There were sweeping romantic passages like Tchaikovsky’s “Waltz of the Flowers” (hilariously accompanying the dance-hall scene where Chaplin’s tramp character leashes himself to a dog for the dance of his dreams), perky medleys like “Loch Lomond” and “Comin’ Thru the Rye” as the tramp waddles unconcernedly over the Chilkoot Pass, dramatic Wagnerian motifs as his fellow prospectors claimed their gold, mournful strings for snowy wastelands and melodramatic diminished chords for that incredibly funny scramble in the cabin teetering over a precipice. Solos shone beautifully from bassoon, cello and violin. There were a few untidy moments but mostly the orchestra provided such a feast of perfectly timed hat lifts, gun shots, spits, hiccups and snow ball explosions that you almost forgot they were there in their sheer synchronization with the genius happening on screen.
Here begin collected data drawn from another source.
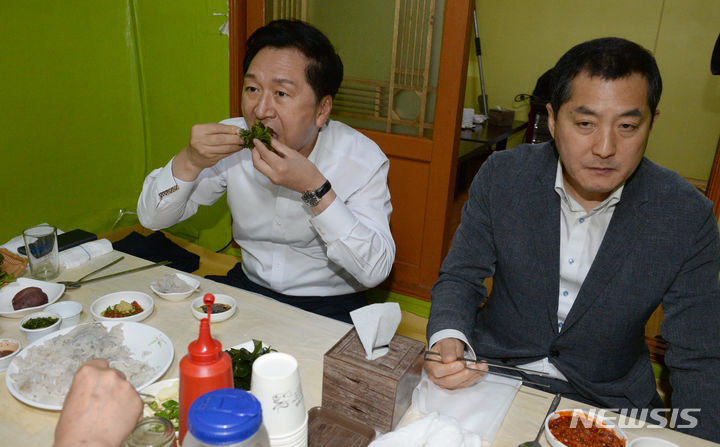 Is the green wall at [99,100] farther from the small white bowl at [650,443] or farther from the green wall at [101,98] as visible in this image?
the small white bowl at [650,443]

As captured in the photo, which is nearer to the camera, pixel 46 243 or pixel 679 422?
pixel 679 422

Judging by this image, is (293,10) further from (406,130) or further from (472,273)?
(472,273)

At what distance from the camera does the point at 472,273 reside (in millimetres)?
1801

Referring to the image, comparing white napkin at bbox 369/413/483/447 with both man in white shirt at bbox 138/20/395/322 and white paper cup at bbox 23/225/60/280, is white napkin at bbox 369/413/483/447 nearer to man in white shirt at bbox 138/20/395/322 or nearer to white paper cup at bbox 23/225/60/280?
man in white shirt at bbox 138/20/395/322

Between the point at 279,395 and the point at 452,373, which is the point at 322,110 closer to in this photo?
the point at 452,373

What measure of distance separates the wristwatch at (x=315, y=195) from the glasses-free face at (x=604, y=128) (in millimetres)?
785

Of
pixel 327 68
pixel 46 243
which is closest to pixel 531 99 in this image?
pixel 327 68

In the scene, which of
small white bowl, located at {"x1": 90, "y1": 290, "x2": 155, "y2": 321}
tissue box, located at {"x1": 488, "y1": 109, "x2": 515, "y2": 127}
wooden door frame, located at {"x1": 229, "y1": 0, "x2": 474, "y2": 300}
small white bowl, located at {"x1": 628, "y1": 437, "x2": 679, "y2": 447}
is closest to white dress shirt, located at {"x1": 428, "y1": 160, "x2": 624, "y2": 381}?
small white bowl, located at {"x1": 628, "y1": 437, "x2": 679, "y2": 447}

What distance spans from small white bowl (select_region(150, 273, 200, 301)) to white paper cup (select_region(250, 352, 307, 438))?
900mm

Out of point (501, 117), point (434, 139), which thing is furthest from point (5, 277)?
point (501, 117)

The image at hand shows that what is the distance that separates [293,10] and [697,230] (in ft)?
8.98

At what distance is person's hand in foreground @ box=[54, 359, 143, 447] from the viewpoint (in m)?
0.83

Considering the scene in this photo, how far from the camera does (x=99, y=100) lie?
3656 mm

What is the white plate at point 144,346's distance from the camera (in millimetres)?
1263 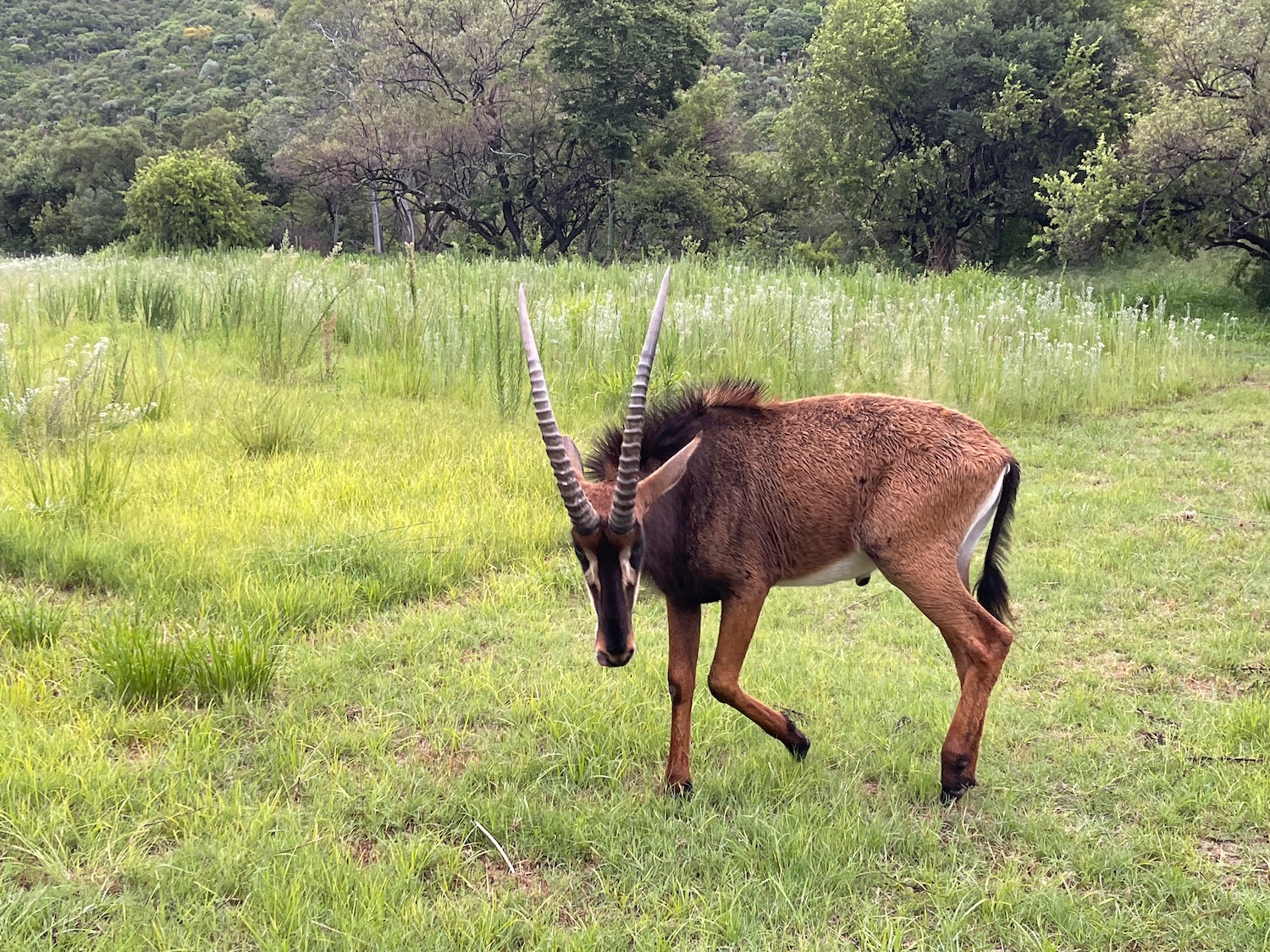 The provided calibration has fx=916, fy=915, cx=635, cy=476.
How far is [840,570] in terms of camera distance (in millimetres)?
3178

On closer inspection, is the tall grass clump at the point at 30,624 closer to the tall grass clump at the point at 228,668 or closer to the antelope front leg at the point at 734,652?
the tall grass clump at the point at 228,668

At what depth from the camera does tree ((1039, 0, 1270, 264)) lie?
55.5 feet

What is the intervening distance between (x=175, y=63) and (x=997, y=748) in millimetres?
69567

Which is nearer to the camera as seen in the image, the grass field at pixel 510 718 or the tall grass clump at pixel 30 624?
the grass field at pixel 510 718

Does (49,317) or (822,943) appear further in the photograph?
(49,317)

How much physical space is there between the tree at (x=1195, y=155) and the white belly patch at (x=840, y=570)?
17.6 m

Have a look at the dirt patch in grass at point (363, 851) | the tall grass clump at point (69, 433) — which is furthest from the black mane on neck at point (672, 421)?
the tall grass clump at point (69, 433)

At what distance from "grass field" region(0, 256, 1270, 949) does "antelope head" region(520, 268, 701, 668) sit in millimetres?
699

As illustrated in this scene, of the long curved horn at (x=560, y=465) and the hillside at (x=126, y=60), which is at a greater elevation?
the hillside at (x=126, y=60)

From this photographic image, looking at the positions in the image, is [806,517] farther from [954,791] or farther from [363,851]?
[363,851]

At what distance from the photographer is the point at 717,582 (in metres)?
2.90

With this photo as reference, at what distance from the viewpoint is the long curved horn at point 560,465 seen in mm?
2455

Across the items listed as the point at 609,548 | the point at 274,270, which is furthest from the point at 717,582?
the point at 274,270

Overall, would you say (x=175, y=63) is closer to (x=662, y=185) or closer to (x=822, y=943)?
(x=662, y=185) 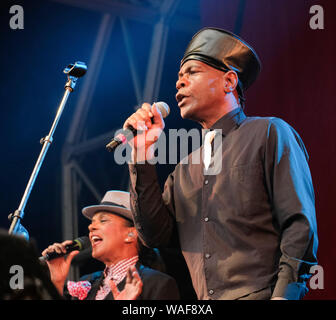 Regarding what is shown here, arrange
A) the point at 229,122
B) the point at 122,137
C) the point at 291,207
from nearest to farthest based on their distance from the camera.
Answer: the point at 291,207, the point at 122,137, the point at 229,122

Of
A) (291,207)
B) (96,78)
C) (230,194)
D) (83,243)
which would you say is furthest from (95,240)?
(96,78)

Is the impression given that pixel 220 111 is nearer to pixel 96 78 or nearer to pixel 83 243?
pixel 83 243

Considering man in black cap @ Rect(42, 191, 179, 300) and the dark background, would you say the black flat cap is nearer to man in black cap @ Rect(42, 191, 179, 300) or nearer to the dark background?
man in black cap @ Rect(42, 191, 179, 300)

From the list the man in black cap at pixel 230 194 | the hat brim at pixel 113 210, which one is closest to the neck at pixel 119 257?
the hat brim at pixel 113 210

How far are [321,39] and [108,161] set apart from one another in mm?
3153

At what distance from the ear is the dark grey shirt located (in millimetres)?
137

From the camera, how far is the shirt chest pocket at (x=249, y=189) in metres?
1.48

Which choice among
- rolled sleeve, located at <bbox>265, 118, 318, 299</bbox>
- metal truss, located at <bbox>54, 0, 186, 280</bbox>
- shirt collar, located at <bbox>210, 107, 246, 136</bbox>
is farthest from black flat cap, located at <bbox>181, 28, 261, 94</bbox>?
metal truss, located at <bbox>54, 0, 186, 280</bbox>

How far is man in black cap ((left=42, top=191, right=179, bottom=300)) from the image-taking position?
2.75 meters

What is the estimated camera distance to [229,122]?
Result: 174 centimetres

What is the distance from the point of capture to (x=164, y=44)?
4582 millimetres

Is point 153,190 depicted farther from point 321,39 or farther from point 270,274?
point 321,39

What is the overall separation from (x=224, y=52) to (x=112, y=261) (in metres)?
1.75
And the crowd loved it, showing with cheers for Chaplin’s victories (and a standing ovation at the end) just how powerful live music can be during a film – and how Chaplin knew how to harness it.
If anyone needed convincing that the Sinfonietta could play a successful show in the expanse of the Temple, this weekend proved the point. With a big stage and cabaret seating, it’s an ideal venue for a lot of out-of-the-box concerts like this: film, dance, multimedia, pop/rock collaborations. Let’s hope their first show there won’t be the last.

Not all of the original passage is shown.